* [PROBLEM REQUIREMENTS] Please restate exactly the lines from the one holding "MAI-VALLE-DEL-CAUCA.jpeg" to the end of the material, including both ends and excluding every picture.

* [SUPPLIED INFORMATION]

# # #

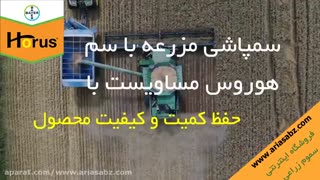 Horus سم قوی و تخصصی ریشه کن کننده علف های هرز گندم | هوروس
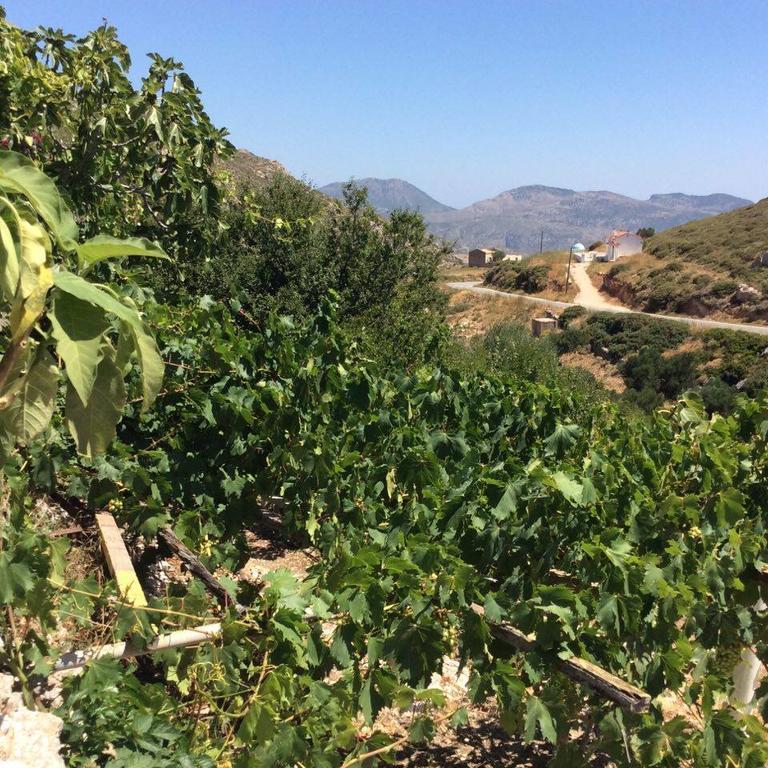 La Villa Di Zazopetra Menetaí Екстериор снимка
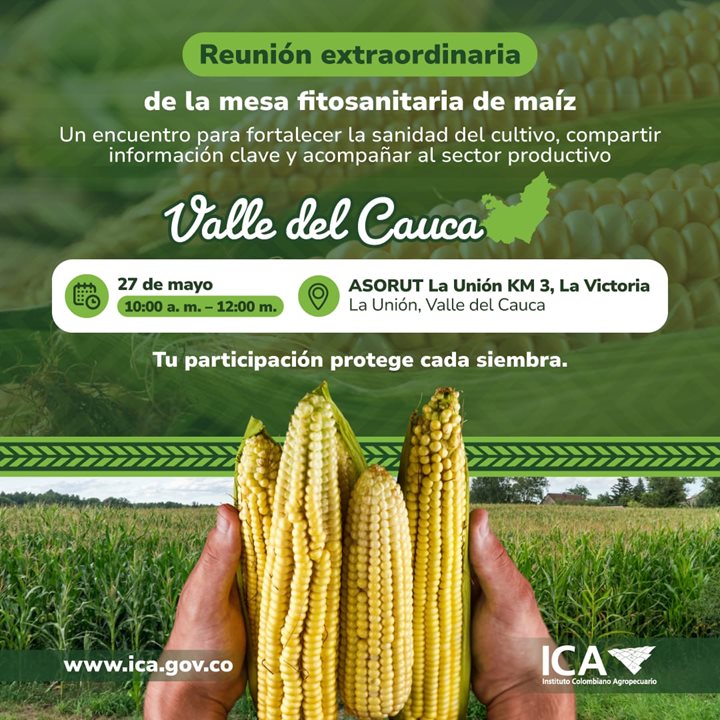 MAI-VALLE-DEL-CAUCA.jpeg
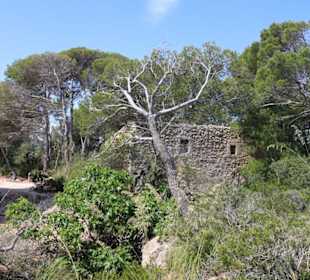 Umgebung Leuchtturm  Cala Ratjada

# # #

* [WRITTEN RESPONSE]
 MAI-VALLE-DEL-CAUCA.jpeg
 Umgebung Leuchtturm  Cala Ratjada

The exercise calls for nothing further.